After coming down with pneumonia, Bolt was given a five percent chance of survival. “He couldn’t walk, or even stand up by himself. We had to call a vet to help who told us some steps we could take to attempt to save him,” Darrol Telck, livestock coordinator, explained. “Ron stepped up big time and fed Bolt five times a day with milk replacement and electrolytes and stayed in the barn with him every second he could.”

Program participant, Ron

Ron would check on Bolt in the middle of the night, and within a few weeks, Bolt was getting better. He found a sense of purpose in taking care of Bolt, but when another cold snap hit the area, Bolt sadly passed away. Although difficult to process, Ron is grateful for the bond he built with Bolt and credits him for restoring his trust in people.

“I feel like the animals are the ones that saved my life,” Ron shared. “When I took care of Bolt when he was sick, all he needed was somebody to love him, give him attention and talk to him. It taught me how to let people in, to love people again and give people chances.”

Donkey from Harvest Farm
Goat from Harvest Farm
Pig from Harvest Farm

Cows, goats, pigs, chickens, donkeys, and more—the staff at Harvest Farm know how beneficial animals can be to recovery. Counselor Christopher Kaplan explained, “There’s an endless amount of things that you could derive from developing a relationship with an animal. Now we don’t want it to end there. It needs to be a stepping stone back into healthy relationships with other people. But it certainly is a profoundly useful, therapeutic tool that helps reengage with human beings, grow and trust again and learn how to set boundaries.”

Darrol added, “The animals play the most pivotal part in their healing—allowing them to be themselves and not be judged for anything in the past, because the animals only care that you are consistently there to take care of them.”

For Ron, losing five of his best friends in high school set him on a spiral with alcohol abuse and losing the trust of those he loved. “My family and friends, I’ve lost everybody’s trust,” he said. “But gaining the trust of the animals has helped me a lot. I just needed something to trust me to help push me forward.”

Program participant, Ron, and cow from Harvest Farm

Not only has Ron gained the animals’ trust, but he has learned to trust the staff at the Farm, and even encourages newer participants of the program to open up and connect with staff and others in the program.

“I’m surrounded by a lot of good people who have faith in me and who I can come and talk to,” he shared. “When I’m not thinking straight, or if I need advice on something, I go to them.”

New Life Program


While in the program Ron set and achieved several goals—he got his driver’s license, passed a food management license test and completed his GED. Now his goals include repairing his credit as well as helping others.

“That’s what I try to tell these guys here, to set a few achievable goals and work for it.
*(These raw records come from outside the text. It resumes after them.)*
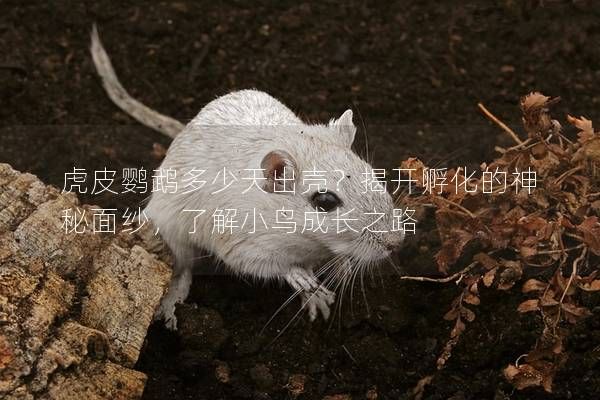 虎皮鹦鹉多少天出壳?揭开孵化的神秘面纱,了解小鸟成长之路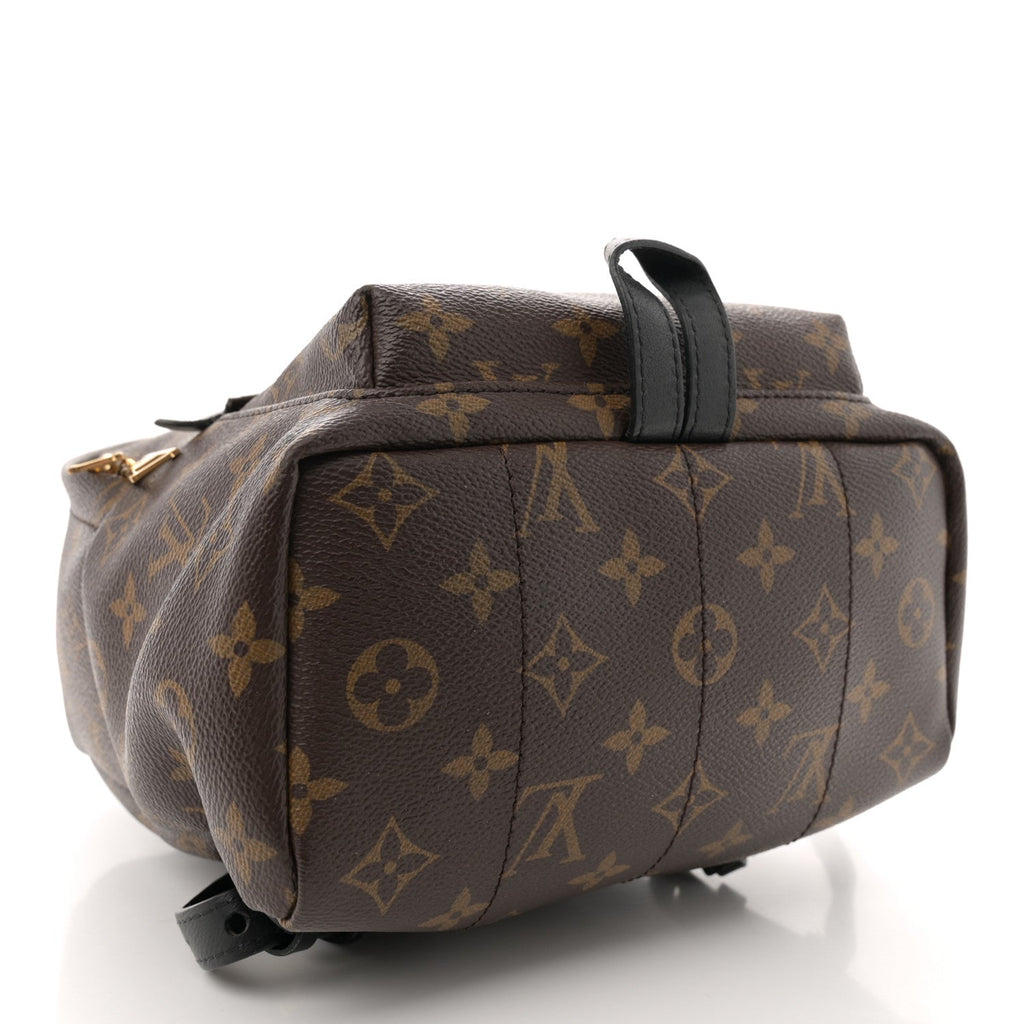 Monogram Palm Springs Backpack PM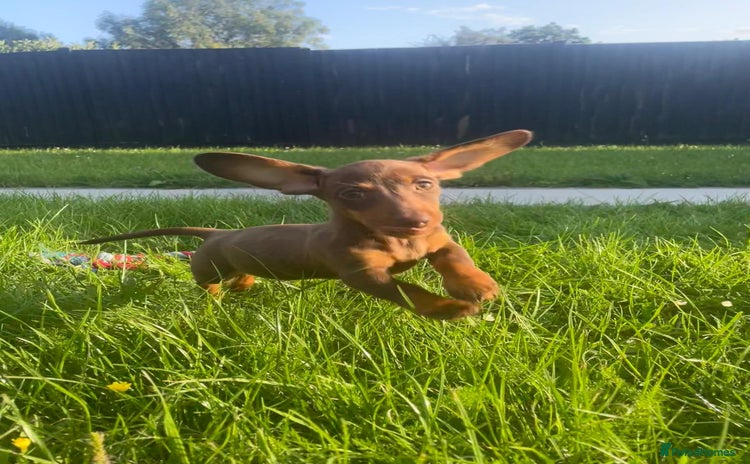 Miniature Dachshund dogs - Advert 1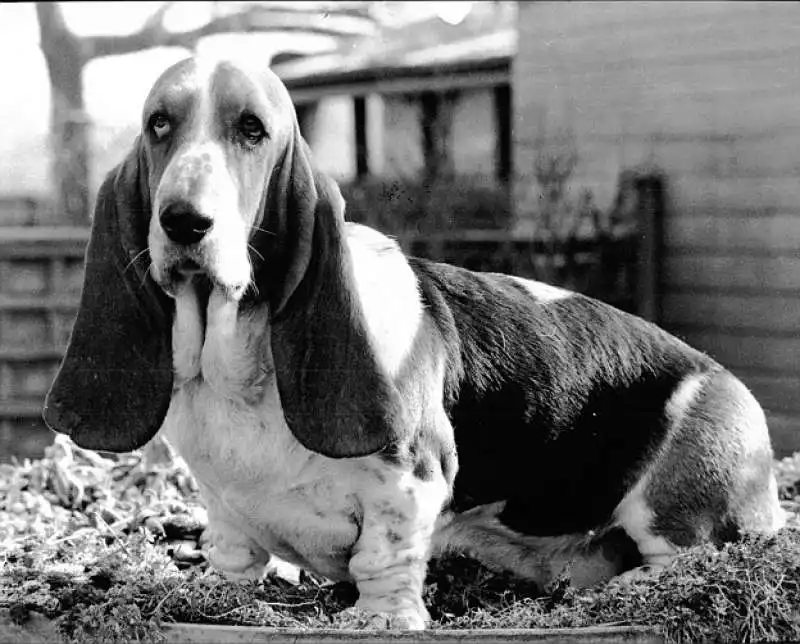 basset hound oggi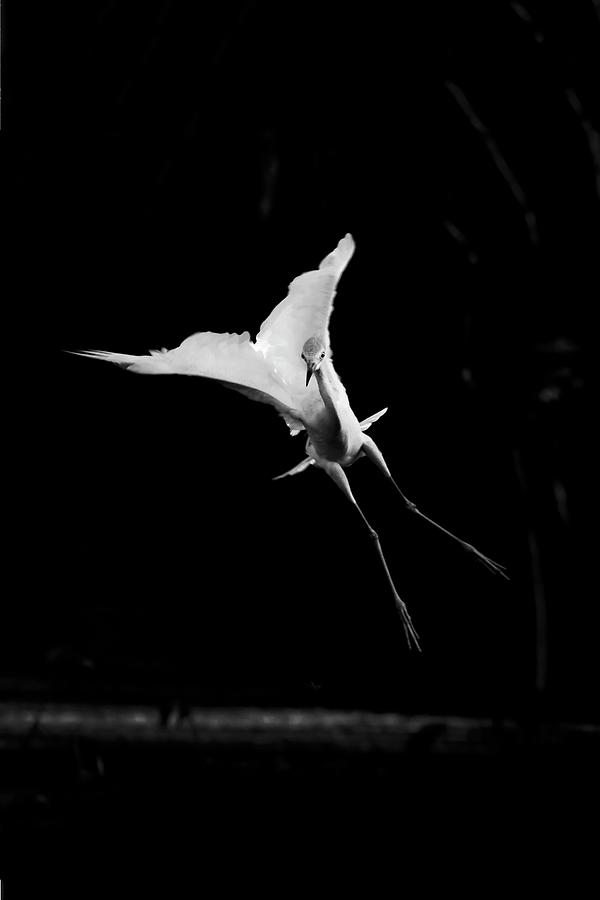 Little Blue Heron 31A Photograph by Sally Fuller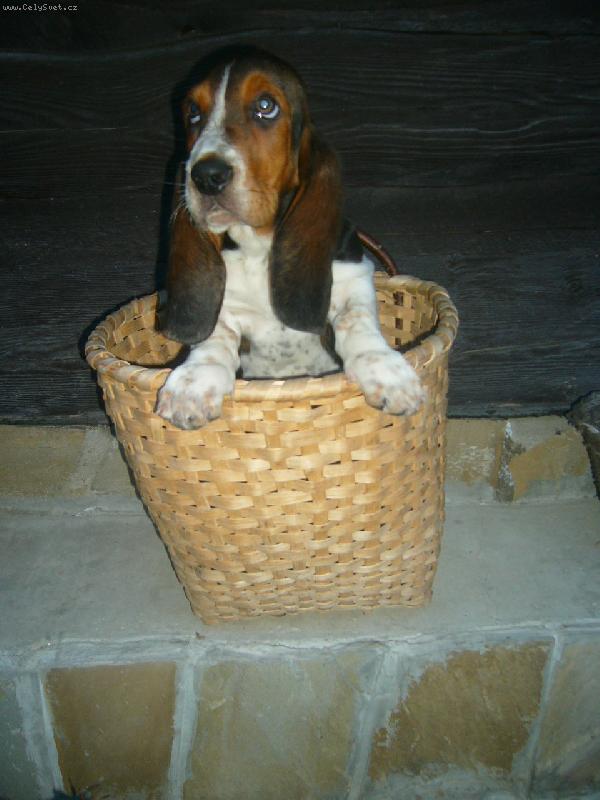 Foto: kristof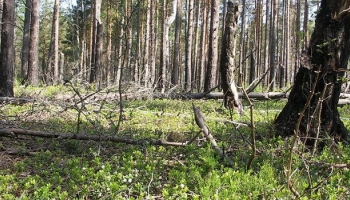 Latvijas Meža īpašnieku biedrības pārstāvis par jauniem nosacījumiem koku ciršanai mežā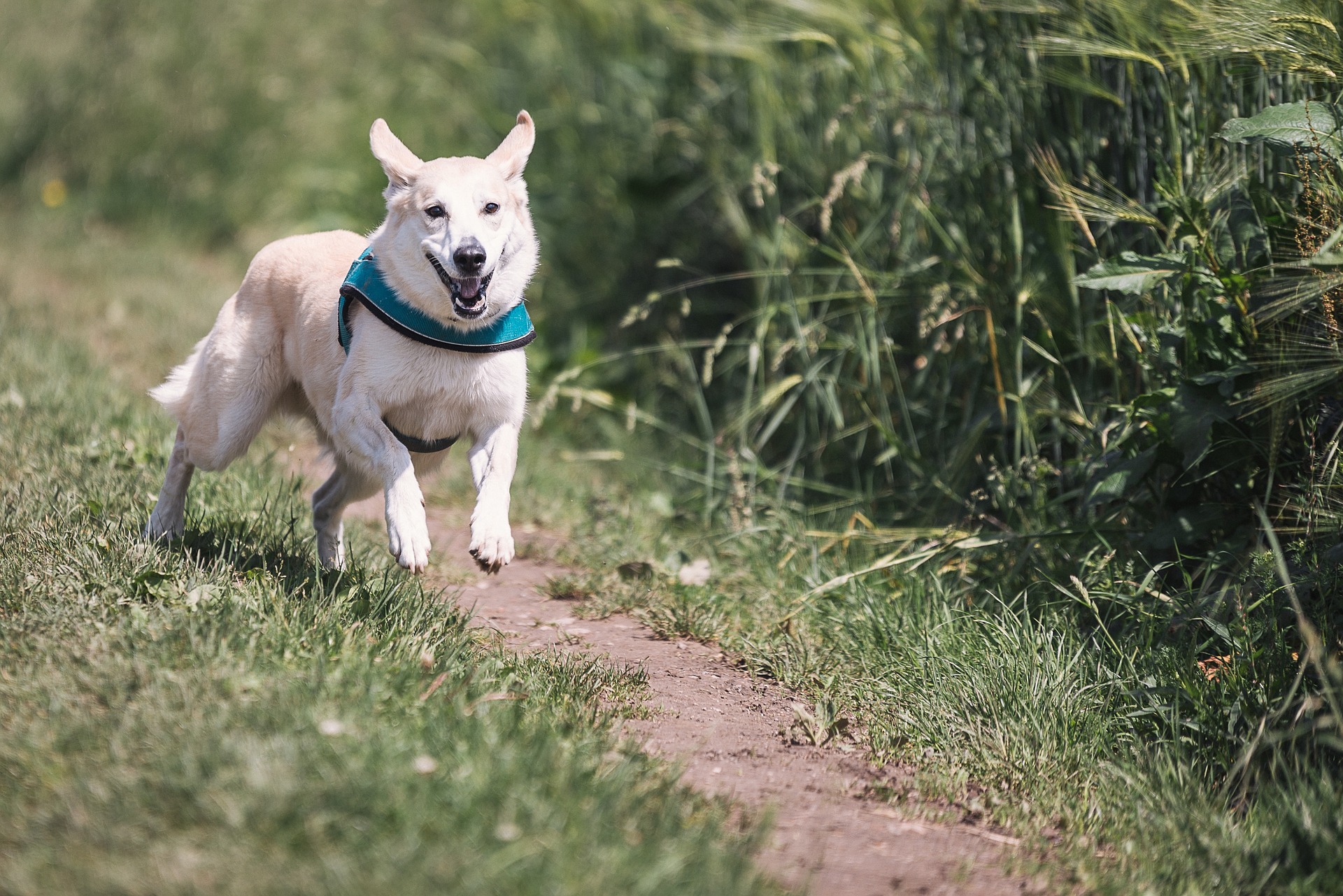 Hunde beim Rennen fotografieren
It gives you accomplishment—even if it’s the slightest goal—it gives you strength and courage to make another one,” Ron said. “I think that’s my calling, to help others. That’s when I’m happiest.”

Cows from Harvest Farm

Bids for Connection

Goat from Harvest Farm
Christopher Kaplan, Harvest Farm Counselor

Ron graduated from the program in April and looks back on his time at the Farm, his time with Bolt, as a time of transformation.

He credits the New Life Program with helping him feel calmer and less angry. “I just feel more at peace with myself. It brings pride to know that I’ve made it this far,” he shared. “I know I can connect with people because I was homeless for five years and I know the struggles they go through. If they see me doing the right thing and doing good, I’m hoping I can touch them to do better.”